When I want to know what is really going on around the world, I can rely on BBC. These three letters represents the highest standard of broadcasting. Wish to thank each and every one of you working at BBC for your loyal service provided to all listeners/viewers all around the globe.
I'm sure that I speak for every British Merchant Seaman past and present in thanking the BCC world service for keeping us all sane on long passages, a copy of "London Calling" was worth its weight in gold.
However, all the output is of very high quality. Meridian Masterpiece, the Book Club, all the music programmes: classical music, jazz, garage and acid house, world music, Revolver, all in all a pretty eclectic mixture but always stimulating and enjoyable. What happened to the programme on Blues which appeared a couple of years ago?
Why can't we have it available 24/7 in Scotland?
Anatali (Maksimovitsh) Goldberg was very highly appreciated commentator in Tartu (State) University. We all were listening to him in secret. The BBC was forbidden and awfully popular among students in the 60s and 70s. I am sure, Anatali Maksimovitsh gave us a political education. Lots of ministers and members of parliament of today's Estonia - we all respect the BBC. Thank you, Anatoli Maksimovitsh.
Douglas Odeh, Nigerian
I was trying to study English for many years until I discovered the shortwave radio world and the BBC. The language lessons that were broadcast with explanations in Russian and English changed my life. I quickly mastered English, got a good job and eventually even worked as a translator! I was so impressed that I wrote an article "English By Radio" that was published in a maritime journal. I can say almost as Celine Dion: I am everything I am because you taught me! THANK YOU!
I lived in the UK for three years and got hooked on the BBC through my flatmate while studying at Oxford. Everywhere I travel throughout the world, there is no better pinnacle of reporting than the Beeb.
M. Dev Anand, India
I'm sure that I speak for every British merchant seaman past and present in thanking the BCC World Service for keeping us all sane on long passages, a copy of "London Calling" was worth its weight in gold.
When I was 13 years old, my father built me a shortwave radio set. I had asked for one for my birthday so that I might listen to the BBC. The Heathkit set was the size of a computer. Its antenna stretched along a clothesline leading from our house to a tree at the far end of the yard.
I'm listening to the Beeb on a computer now. It's necessary once again to get world news from another source than domestic ones. Thank you for the excellent coverage and long may you wave.
Lim Chee Hong, Singapore
I have lived on different continents and watched and listened to highly provocative, reflective and informative programmes. But none match the BBC, for its format, objectivity and world view.
Happy birthday, BBC World Service! I have only been listening for about two years, but it has made a world of difference to my perspective. The BBC's accuracy, impartiality and overall quality are unrivalled. Thank you. Here's to another 70 years!
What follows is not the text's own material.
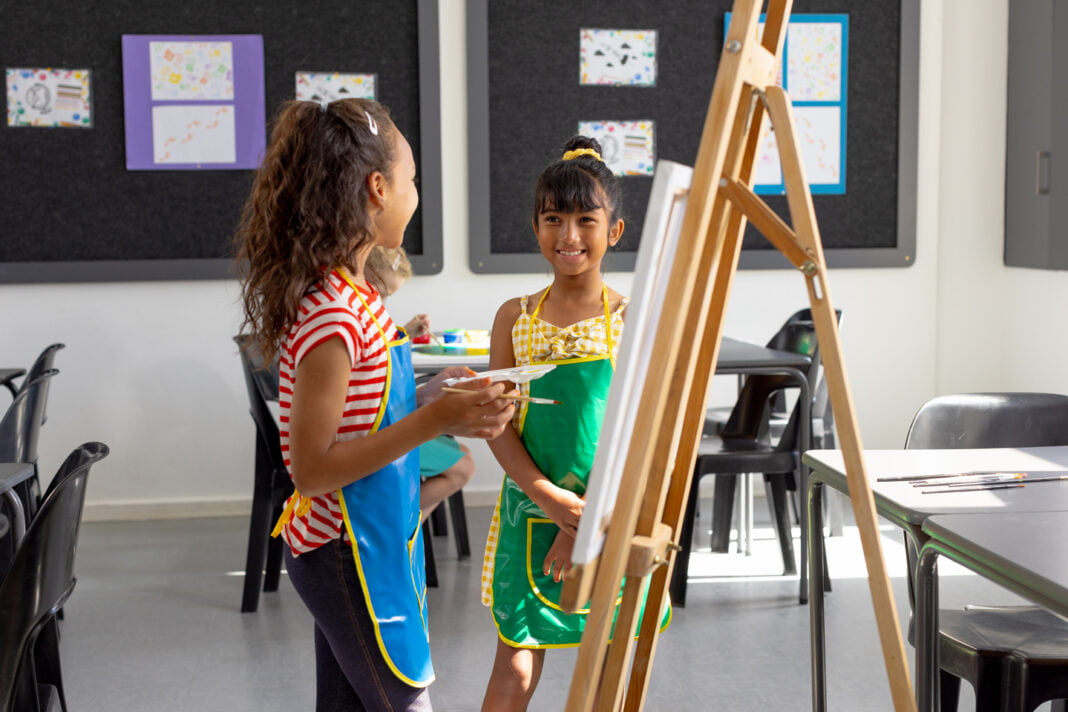 In school, in art class, biracial and a Caucasian girl, both young, are painting. Both wearing aprons, biracial girl with dark curly hair holds a palette, unaltered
But my relationship with the WS was really cemented the next year when I travelled overland on my own from Prague to Bombay. Wherever I was - from a filthy room in Bukhara to camping atop mountains in northern Pakistan - the BBC was always my nightly companion. Tuning in and hearing Lilley Bolero and This is London was somehow very reassuring when I was completely alone and a long way from home - and I'm not even British!
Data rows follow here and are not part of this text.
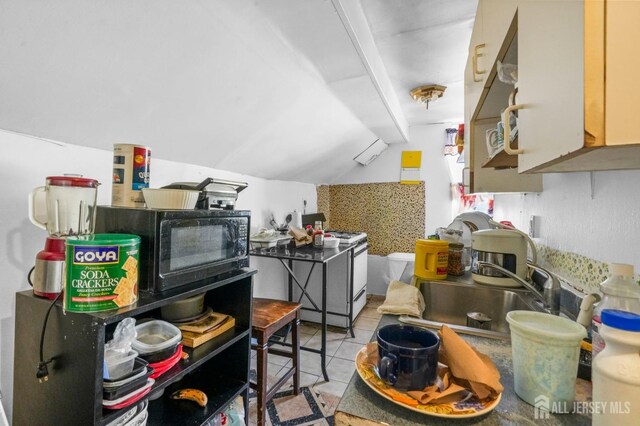 188 Seaman St, New Brunswick, NJ 08901 - kitchen featuring a sink, white range with gas cooktop, lofted ceiling, black microwave, and light tile patterned floors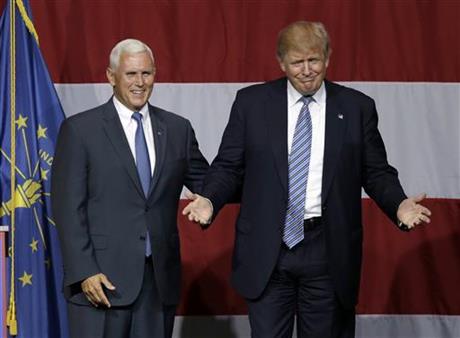 Indiana Gov. Mike Pence joins Republican presidential candidate Donald Trump at a rally in Westfield Ind. Over the past two decades Trump has disagreed with his vice-presidential pick on plenty of political issue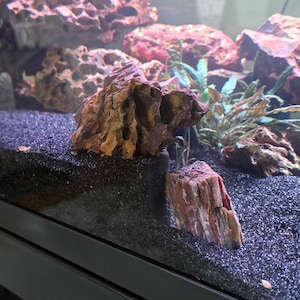 May include: A close-up of an aquarium with decorative rocks and gravel. The rocks are brown and reddish-brown, with a textured surface. The gravel is black. The aquarium is filled with water and has some plants in the background.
My wife soon shared my joy of listening to the BBC. In fact the strains of Lilley Bolero and a mock BBC news story announcing our marriage were played at our wedding! Now we live in KL and can enjoy all the new benefits of listening to the WS via the internet and reading the website. But there is still something special about listening on short-wave; with the cracking and hissing, or the football crowds in the commentary background sounding like waves crashing on a beach. So every now and then we get out the old short-wave receiver and enjoy all the memories we have shared with the BBC. Thank you.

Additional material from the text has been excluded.